La sécurité : un argument épouvantail

Un argument souvent soulevé en défaveur du cloud computing est la potentielle sécurité des données. Les fournisseurs de cloud computing sont considérés comme des infrastructures peu sécurisées et utiliser une infrastructure on-premise garantirait la sécurité des données. Une simple requête google montre que la sécurité est au cœur des préoccupations lorsqu’il s’agit du cloud computing.

Cependant, penser que le on-premise est plus sécurisé que le cloud, c’est comme penser que conduire en voiture est plus sûr que voyager en avion car nous avons le contrôle. Cependant, la grande majorité des problèmes de sécurité dans le cloud vient de l’utilisation qui en est faite. Les problèmes de configuration sont légion (par exemple, les buckets S3 étant incorrectement configurés comme étant publique ou les erreurs de configuration des routeurs et load balancer). Mais ce sont des problèmes faciles à régler. De nombreux services sont disponibles pour scanner une infrastructure déployée dans le cloud et trouver tout potentiel problème de sécurité (ce qui est beaucoup plus compliqué à faire pour une infrastructure on-premise).

De nombreuses compagnies ayant des contraintes de sécurité utilisent le cloud aujourd’hui. Capital One (banque établie aux Etats-Unis) a migré son infrastructure dans le cloud. Même le gouvernement Américain utilise aujourd’hui le cloud computing avec des services qui leur sont dédiés (et cette tendance ne va pas s'arrêter puisque Pentagon a annoncé il y a quelques mois un nouveau contrat pour développer leur infrastructure dans le cloud).

L’argument de la sécurité n’est qu’un prétexte, une barrière psychologique que certains décideurs utilisent pour ne pas changer le statu quo mais qui expose leur entreprise à être moins innovatrice dans les années à venir.

Quel avenir pour le on-premise?

Il y a peu de doutes : le on-premise va devenir un marché de niche dans les dix années à venir et de nouveaux fournisseurs de cloud computing vont émerger.
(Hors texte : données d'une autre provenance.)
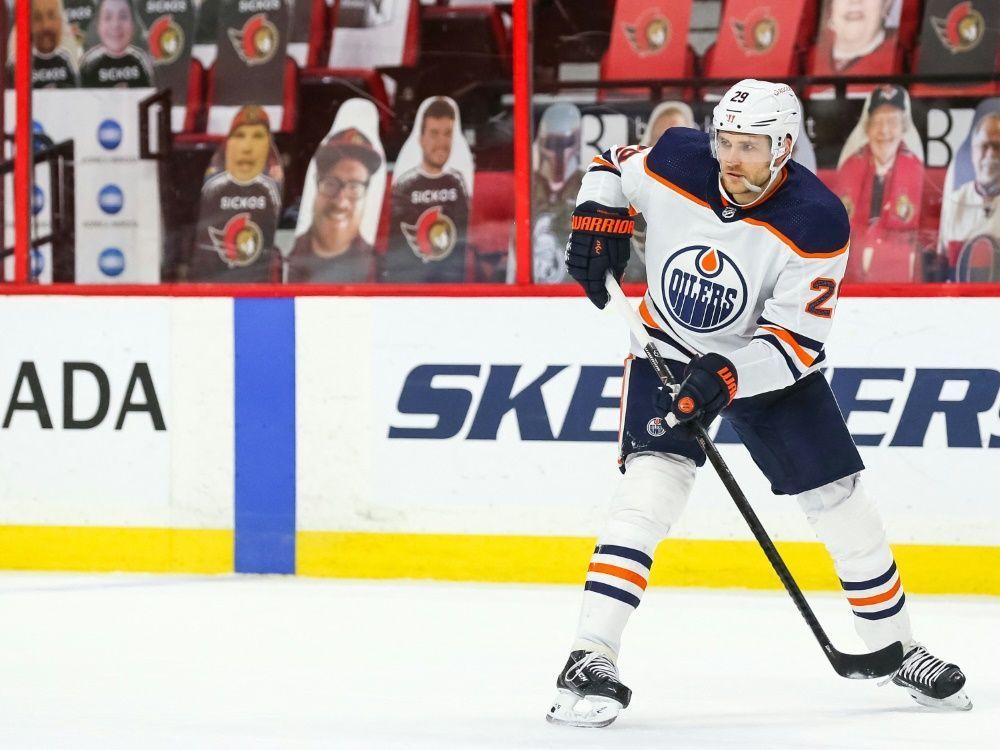 NHL: Draisaitl, Stützle Und Sturm Punkten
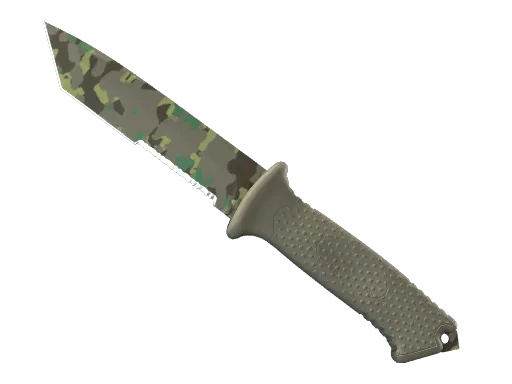 ★ StatTrak™ Ursus Knife | Boreal Forest (Factory New)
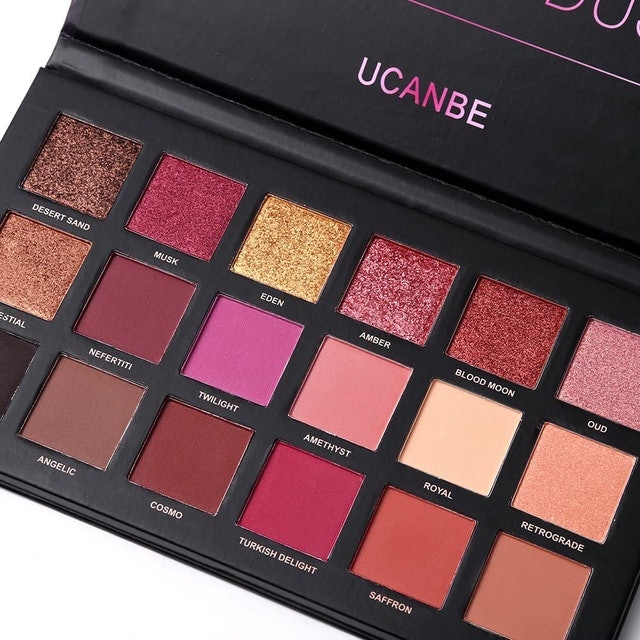 Eyeshadow Makeup Palette 2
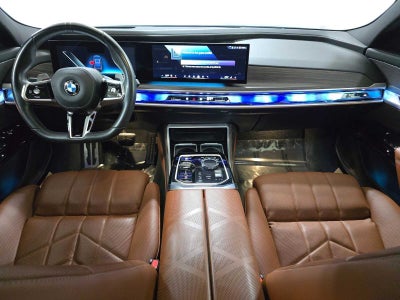 2023 BMW 760i xDrive 760i xDrive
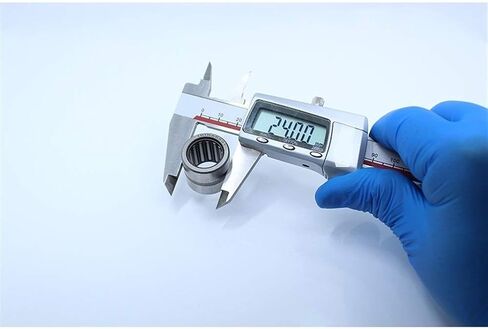 RNA6901 Bearing Solid Collar Needle Roller Bearings Without Inner Ring 6634901 6354901/A 16x24x22 mm in Saudi Arabia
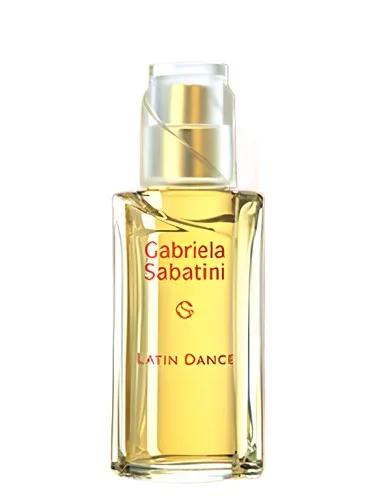 Latin Dance — Gabriela Sabatini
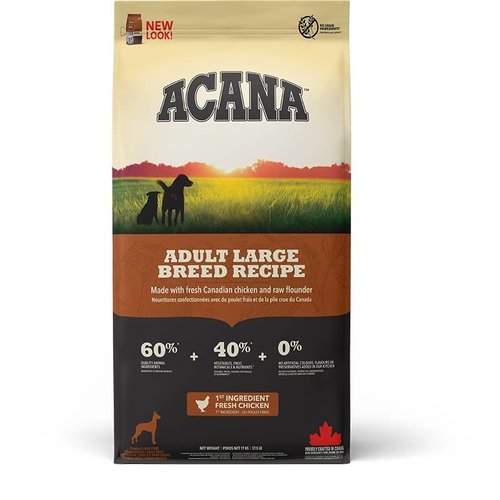 Acana Acana Adult Large Breed 17 kg.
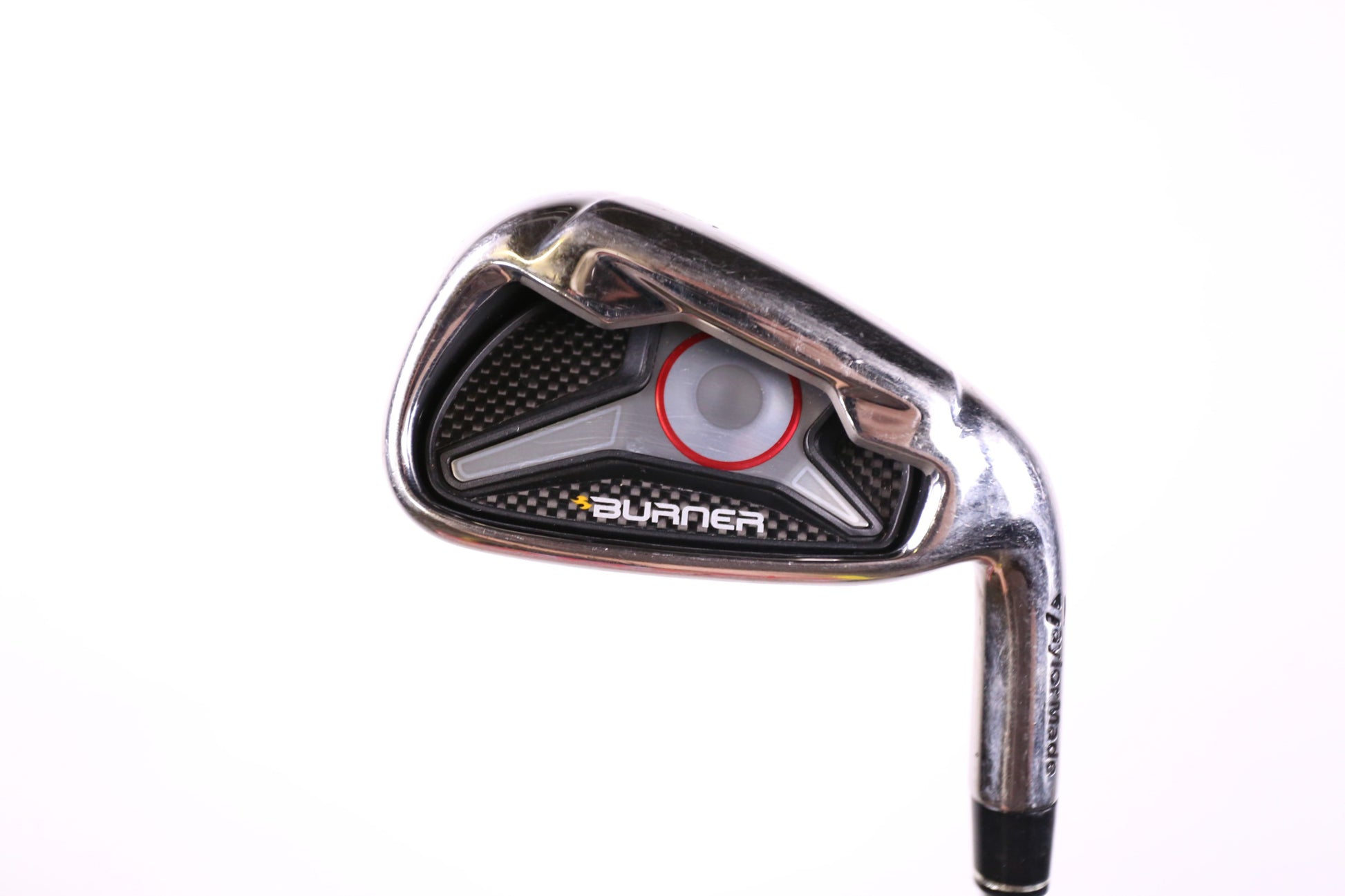 Used TaylorMade 2009 Burner Single 6-Iron - Right-Handed - Uniflex Flex-Next Round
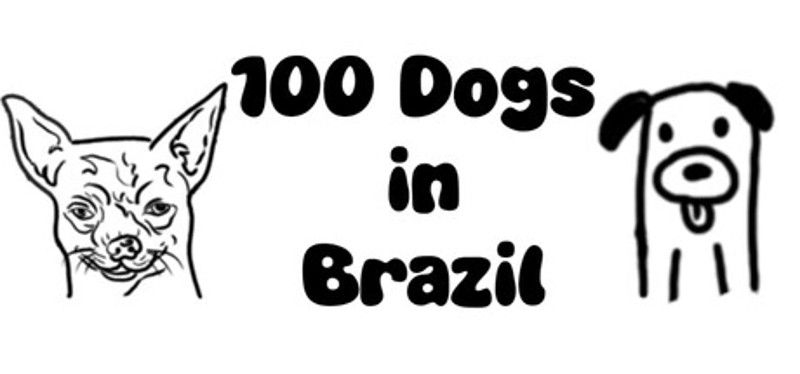 100 Dogs in Brazil Image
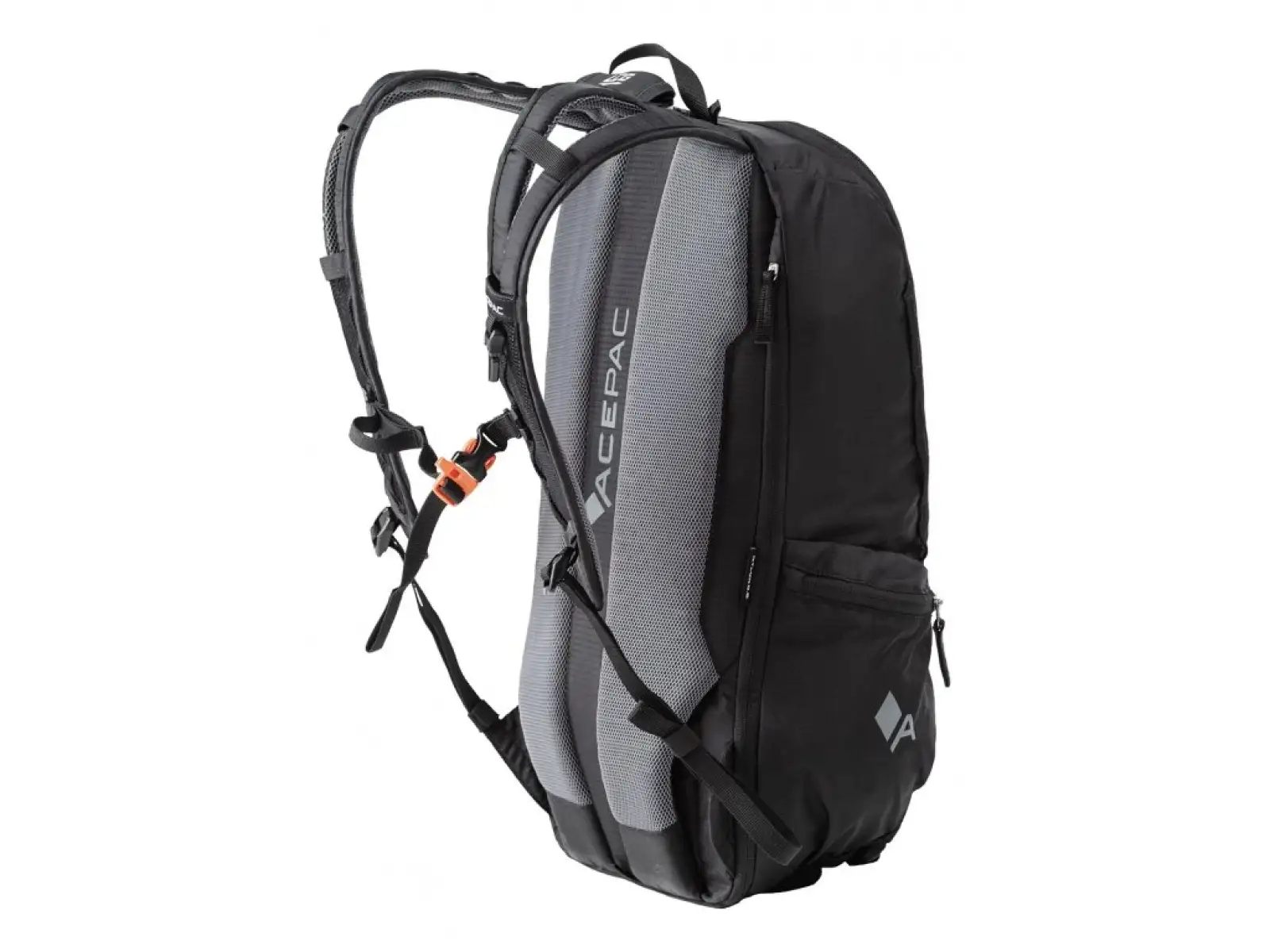 Acepac Zam Exp MKIII 15 l Rucksack Black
Pour autant, il y a toujours quelques barrières mineures qui peuvent contraindre des entreprises à rester on-premise.

Premièrement, l’inertie des vieilles entreprises qui ont une infrastructure on-premise bien implantée. Ces sociétés ont déjà des locaux (et contrats de location dans des datacenter) et des serveurs et ne souhaitent pas changer la manière dont ils gèrent leur infrastructure, invoquant que leur infrastructure actuelle est si bien rodée que changer pour aller dans le cloud leur coûtera bien trop cher. Cependant, en gardant cette vieille approche, ils vont finir par payer bien plus en coût de développement et maintenance de leur infrastructure (ingénieurs dédiés à la gestion de l’infrastructure et de son outillage) et l'écart de coût et de performance entre cloud et on-premise continuera de se creuser.

Deuxièmement, une garantie de pouvoir changer de fournisseur de services. Beaucoup de solutions dans le cloud sont spécifiques au fournisseur (par exemple, utiliser une base de données Amazon Aurora sur AWS ne garantit pas de pouvoir basculer chez Google Cloud Services ou Azure). C’est un vrai problème qui peut être évité facilement: en utilisant des solutions génériques et interopérables, il est facile de pouvoir changer de fournisseur de services. Au lieu d’utiliser ECS pour déployer des conteneurs Docker, il est plus judicieux d’utiliser Kubernetes ; au lieu d’utiliser Amazon Aurora pour sa base de données, il est plus judicieux d’utiliser MySQL ou PostgreSQL. Pour éviter ce problème, beaucoup d’entreprises facilitent désormais le déploiement et la migration entre fournisseurs de service.

Enfin, un problème de souveraineté. Autrement dit, où sont physiquement localisées vos données. C’est un point critique pour l’Europe ou aucun fournisseur de cloud computing ne peut prétendre à une qualité de service égale à Amazon Web Services ou Azure. Si cela n’affecte pas les petites et moyennes entreprises, c’est cependant un point critique pour les grosses entreprises ou les instituts publics. Malheureusement, les initiatives européennes qui ont tenté de copier leur homologue américain se sont soldées par un échec. (qui se rappelle de Quaero?). Pourtant, les compétences techniques sont là, développer un cloud européen digne de ce nom n’est qu’une question de volonté politique et financière.